La Regione Emilia Romagna  lancia un progetto finanziato dalla Ue per frenare l’inquinamento in agricoltura: diminuire pesticidi e fertilizzanti, lavorare poco la terra e cambiare alimentazione ai bovini, per ridurre le flatulenze.

Un progetto dimostrativo al quale partecipano alcuni dei più importanti gruppi nazionali e internazionali dell’agroalimentare italiano (Barilla, Coop, Granarolo, Granterre, Centro servizi ortofrutticoli, Apoconerpo e Unipeg), realtà che rappresentano circa il 30% delle imprese agricole dell’Emilia-Romagna con circa 7,5 milioni di consumatori. Al momento sono 50 le aziende agricole disponibili a partecipare. Tra queste, la Regione ne sceglierà otto, una per ogni filiera agricola su cui sarà fatto l’esperimento: grano duro, pomodoro da industria, pero, pesco, fagiolino e bovini, sia da carne che da latte, usato anche per fare il Parmigiano reggiano.

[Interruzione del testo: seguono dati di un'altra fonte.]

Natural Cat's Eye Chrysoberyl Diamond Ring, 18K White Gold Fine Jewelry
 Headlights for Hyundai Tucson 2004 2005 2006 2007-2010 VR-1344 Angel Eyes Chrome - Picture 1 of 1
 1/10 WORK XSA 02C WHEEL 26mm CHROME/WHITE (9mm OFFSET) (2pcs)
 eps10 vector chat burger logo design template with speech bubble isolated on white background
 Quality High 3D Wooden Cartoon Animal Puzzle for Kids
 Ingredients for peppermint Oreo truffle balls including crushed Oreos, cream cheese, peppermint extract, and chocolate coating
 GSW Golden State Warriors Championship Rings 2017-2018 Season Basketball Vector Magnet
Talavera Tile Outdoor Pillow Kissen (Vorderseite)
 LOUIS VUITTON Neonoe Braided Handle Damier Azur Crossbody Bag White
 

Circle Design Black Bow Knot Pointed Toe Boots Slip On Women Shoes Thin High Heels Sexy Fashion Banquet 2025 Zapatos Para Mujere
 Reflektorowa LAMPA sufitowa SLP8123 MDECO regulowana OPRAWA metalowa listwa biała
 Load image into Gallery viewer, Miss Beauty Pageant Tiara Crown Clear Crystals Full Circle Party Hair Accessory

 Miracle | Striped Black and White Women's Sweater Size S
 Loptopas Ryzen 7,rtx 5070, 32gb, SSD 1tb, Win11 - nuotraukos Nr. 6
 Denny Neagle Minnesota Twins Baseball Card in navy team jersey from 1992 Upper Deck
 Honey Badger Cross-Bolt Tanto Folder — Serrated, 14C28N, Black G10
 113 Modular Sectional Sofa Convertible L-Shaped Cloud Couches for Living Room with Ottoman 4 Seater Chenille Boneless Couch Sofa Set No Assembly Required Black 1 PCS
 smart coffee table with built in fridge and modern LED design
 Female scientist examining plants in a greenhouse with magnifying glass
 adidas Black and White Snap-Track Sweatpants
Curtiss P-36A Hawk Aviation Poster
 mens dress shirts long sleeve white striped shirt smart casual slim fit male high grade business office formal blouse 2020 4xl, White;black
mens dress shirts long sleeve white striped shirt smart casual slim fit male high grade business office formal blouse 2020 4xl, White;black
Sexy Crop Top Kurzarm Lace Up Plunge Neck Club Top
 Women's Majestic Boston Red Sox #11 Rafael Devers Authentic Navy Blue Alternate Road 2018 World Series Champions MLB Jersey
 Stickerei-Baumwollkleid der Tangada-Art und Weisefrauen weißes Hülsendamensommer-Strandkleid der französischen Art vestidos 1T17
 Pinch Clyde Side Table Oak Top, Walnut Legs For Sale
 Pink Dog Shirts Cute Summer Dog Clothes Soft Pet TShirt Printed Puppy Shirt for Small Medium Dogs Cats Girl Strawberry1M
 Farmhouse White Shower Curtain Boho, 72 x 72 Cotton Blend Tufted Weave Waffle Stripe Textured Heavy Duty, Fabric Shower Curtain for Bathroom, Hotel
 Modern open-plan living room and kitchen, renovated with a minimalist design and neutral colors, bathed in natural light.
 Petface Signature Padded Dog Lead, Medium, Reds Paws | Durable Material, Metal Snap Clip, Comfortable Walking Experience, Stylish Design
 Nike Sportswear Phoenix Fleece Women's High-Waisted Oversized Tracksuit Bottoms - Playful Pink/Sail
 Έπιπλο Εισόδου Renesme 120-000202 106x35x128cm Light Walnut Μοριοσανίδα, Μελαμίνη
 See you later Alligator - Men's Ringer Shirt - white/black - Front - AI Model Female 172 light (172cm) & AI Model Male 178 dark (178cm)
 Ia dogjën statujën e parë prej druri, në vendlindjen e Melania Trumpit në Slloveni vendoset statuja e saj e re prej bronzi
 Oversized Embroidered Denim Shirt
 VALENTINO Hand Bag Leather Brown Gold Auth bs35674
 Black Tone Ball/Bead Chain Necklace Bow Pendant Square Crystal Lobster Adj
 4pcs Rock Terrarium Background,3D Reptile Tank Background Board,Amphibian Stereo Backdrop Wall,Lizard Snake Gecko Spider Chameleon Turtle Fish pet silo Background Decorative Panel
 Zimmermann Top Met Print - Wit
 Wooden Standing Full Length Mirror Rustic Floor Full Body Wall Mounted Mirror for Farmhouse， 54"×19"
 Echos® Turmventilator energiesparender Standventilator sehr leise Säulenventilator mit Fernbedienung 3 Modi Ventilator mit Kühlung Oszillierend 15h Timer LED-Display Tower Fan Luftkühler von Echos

Il progetto, spiega l’assessore regionale all’Agricoltura, Tiberio Rabboni, prevede per tre anni “l’adozione nel processo produttivo di buone pratiche per una minor emissione di gas serra, a parità di resa e qualità dei prodotti”. Per i vegetali si parla di ridurre fertilizzanti e agrofarmaci, di lavorare il terreno meno possibile, di ruotare le colture.
Al termine dei tre anni di progetto- spiega l’assessore- ci aspettiamo una riduzione di 200.000 tonnellate di Co2 equivalente, il 6% in meno rispetto ai livelli attuali”.

Per il progetto di riduzione dei gas serra in agricoltura (“Climate ChangEr”), la Regione ha stanziato 1,85 milioni di euro, di cui 892.000 euro dalla Ue, che saranno utilizzati per contribuire al 50% agli investimenti delle aziende. I risultati saranno racchiusi da Arpa in una banca dati a disposizione di tutti gli interessati.